### PROBLEM TO SOLVE
Beginning at the line that holds "小词详解 | merit", repeat every line through the last line of the material, exactly, and drop any pictures.

### EXTRACTED DATA
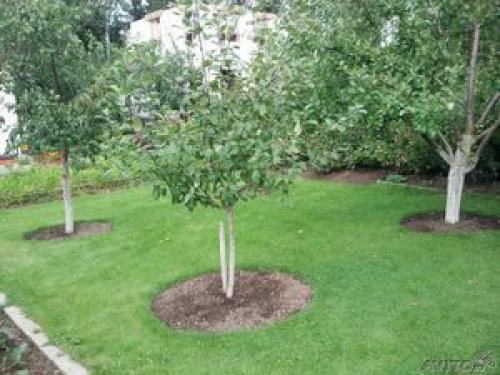 Расстояние между деревьями при посадке сада таблица. Планирование посадки плодовых деревьев и кустарников в саду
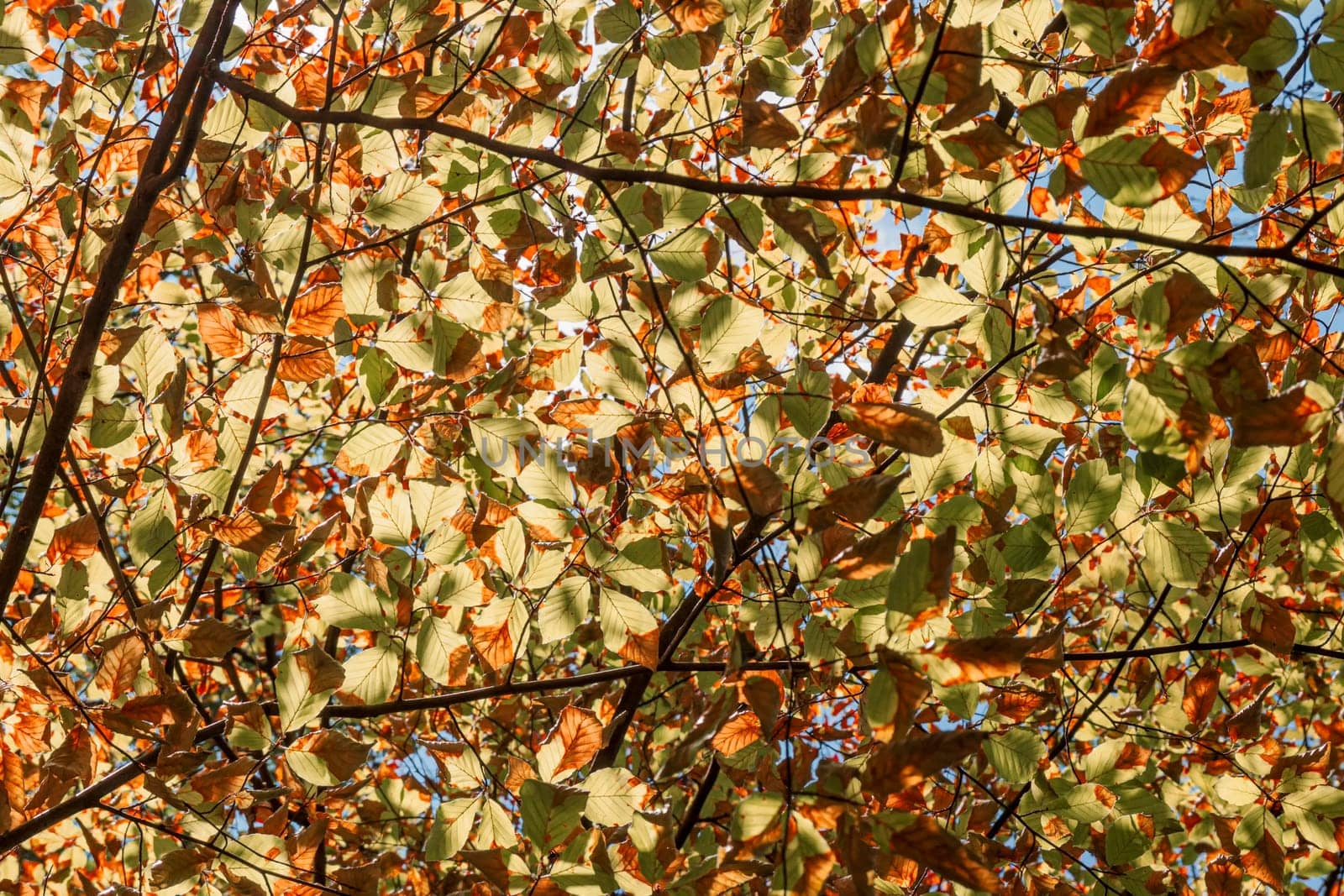 The leaves turn yellow in autumn when the first cold arrives. They turn yellow, reddish or brown.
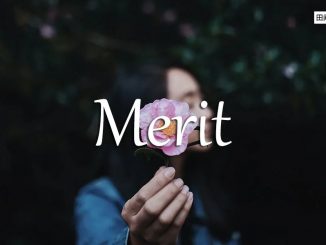 小词详解 | merit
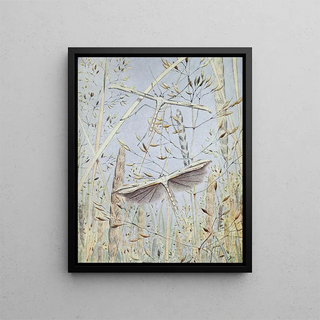 PaulAndre Robert - Le Ptrophore Ptrodactyle.webp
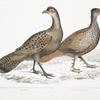 1. Hardwicke's Polyplectron Hen, Polyplectron Hardwickii. China. Brit. Museum; 2. Bay Francolin [Bay Many Spurred Francolin], Plectophora (Francolinus) spadiceus. Kokee tree of the Mahrattas. Brit. Museum.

### WRITTEN ANSWER
 小词详解 | merit
 PaulAndre Robert - Le Ptrophore Ptrodactyle.webp
 1. Hardwicke's Polyplectron Hen, Polyplectron Hardwickii. China. Brit. Museum; 2. Bay Francolin [Bay Many Spurred Francolin], Plectophora (Francolinus) spadiceus. Kokee tree of the Mahrattas. Brit. Museum.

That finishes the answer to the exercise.